La incertidumbre acaba cuando recibimos aquella llamada sorpresa, aquel mensaje de un desconocido, que nos brinda una perspectiva distinta, nos hace ver nuestra constancia, el esfuerzo que ponemos; reconocer lo que hacemos y cuánto vale.

Estamos tan ensimismados buscando reconocimiento en el exterior sobre lo que hacemos, sobre la tinta que empeñamos, creyendo que nadie ve nuestro trabajo, que no nos percatamos que hay personas –más de las que creeríamos- que están siguiendo nuestros pasos, inspirándose en nosotros, admirándonos a la distancia.
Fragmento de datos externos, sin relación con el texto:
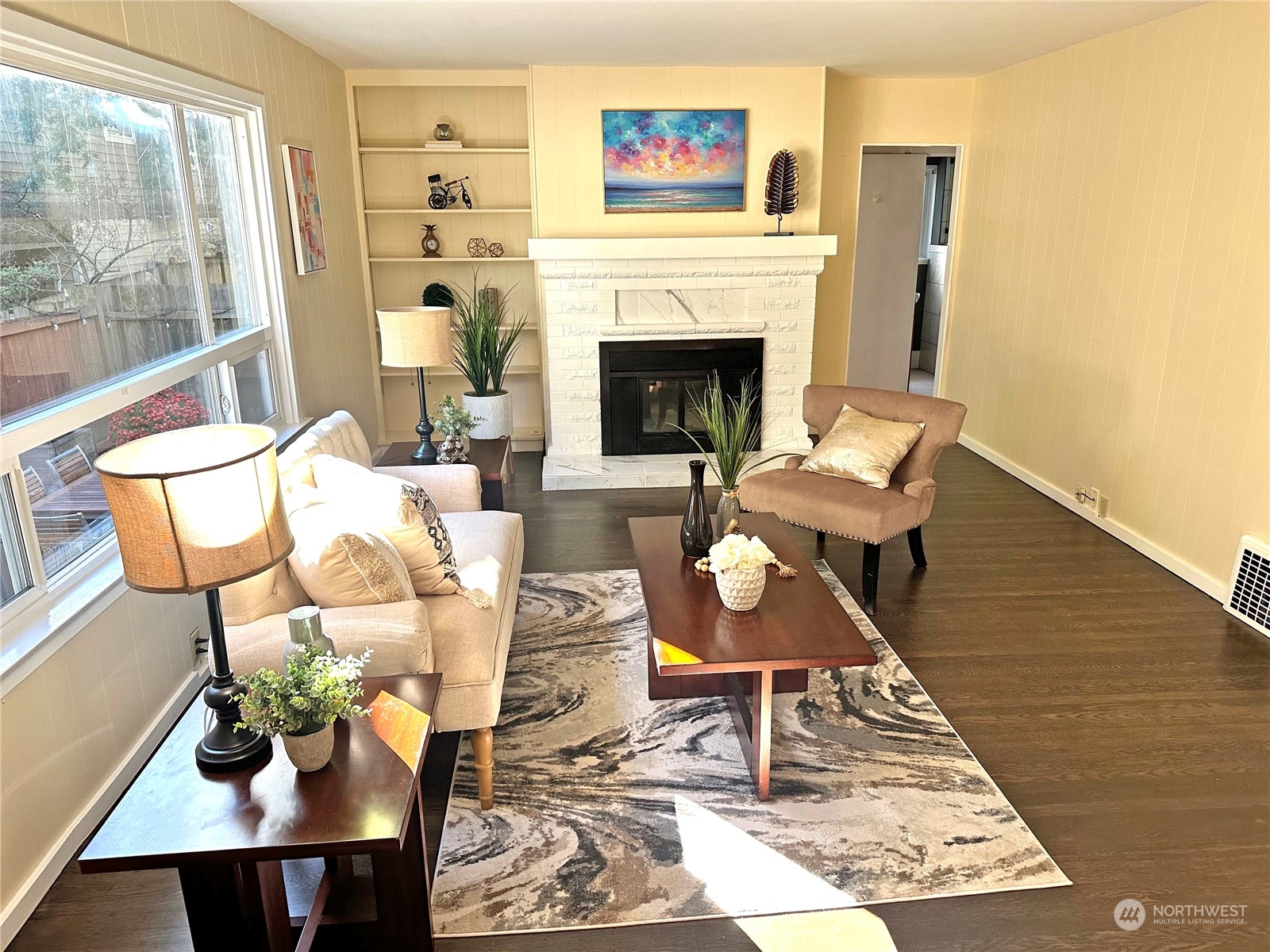 a living room with furniture and a fireplace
No nos damos cuenta que hay quienes creen en nosotros, que tienen fe en que llegaremos lejos, que esperan con ansias vernos crecer, triunfar.
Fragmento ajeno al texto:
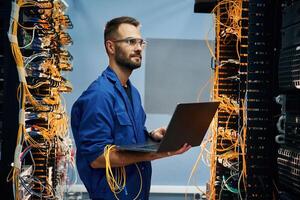 With laptop in hands,. Young, man is working with internet equipment and wires in server room photo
El teléfono rojo, ese artificio del corazón, no tendríamos por qué darle tanto poder sobre nuestras vidas. Debería ser un soporte de lo que ya tenemos, del reconocimiento propio que ya le dimos a nuestro trabajo, a nuestras acciones, a nuestros sueños, y no una pesada condena que exige con vehemencia la aparición de aquel sonido, aquella llamada que despierte las ganas de seguir.